Precipitous
Signs: A Rain Journal
by Leanne Boschman
This book is saturated with the North Coast.
Read it the way you would read the rain, falling through a landscape
of houses, trees, and industrial Prince Rupert, in all the senses
it can be touched, because that's the way it was written: in drops
and streams and rivulets and torrents, each one spoken liquidly on
Leanne Boschman's tongue. If you were to read one book to get to the
heart of rain and of this coast, this is it. Harold
Rhenisch
Prince Rupert has the dubious distinction of holding the nation-wide
record for annual precipitation. Gale-force winds strong enough to blow
in the back window of the car are not unusual; neither is it uncommon
for new residents to pack up after a few weeks when faced with the prospect
of weeks of sunlight deprivation.
Leanne Boschman is a prairie transplant. Rather than retreat, she documented
her experience of the northern coastal environment and began to explore
the social milieu and history of this port city with its historic cycles
of boom and bust, collapse of resource industries, and present economic
challenges and opportunities. For years residents have been faced with
unemployment, poverty, family stress, and poor health standards, yet
there is a resilience and commitment to community that she found inspiring.

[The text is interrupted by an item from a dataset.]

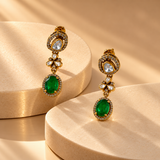 925 Silver Emerald Green Moissanite Polki Drop Earrings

Central to the book are the lives of women in the
settlement era. In an attempt to balance the "founding fathers"
narrative, Leanne sifted through existing documents, talked to those
who remember, and imagined the stories when necessary. She also writes
about the violence that continues to affect women. One of the poems
reflects on the long-ago murders of a school teacher and a prostitute;
in another she travels the "Highway of Tears," where dozens
of women have disappeared over the past decades.
Through experiment with a form that reflects
the edgy, sometimes reckless, gritty quality of outpost life, she weaves
themes of work, growing children, women's activism, communal relief
from isolation and drudgery through arts and faith. She attends to the
rhythms and voices of the ever-present rain and explores its potential
as soundscape and motif for cycles of growth, decay, seasons of nature
and life passages.
Harold
Rhenisch has a website
at
haroldrhenisch.com.
We are grateful to Edward Epp for permission
to use the cover image Second Avenue. You can see his work
at edwardepp.com.
Kelp dress and author photo by Amelia Epp.
Leanne Boschman lives in Prince Rupert, where
she teaches English and Women's Studies at Northwest Community College.
Her poems have been published in Canadian journals including Geist
Magazine, Dandelion Magazine, Room Magazine, and Prism International.
They have also been included in the Creekstones Anthology and
in Half in the Sun, an anthology of Mennonite writing.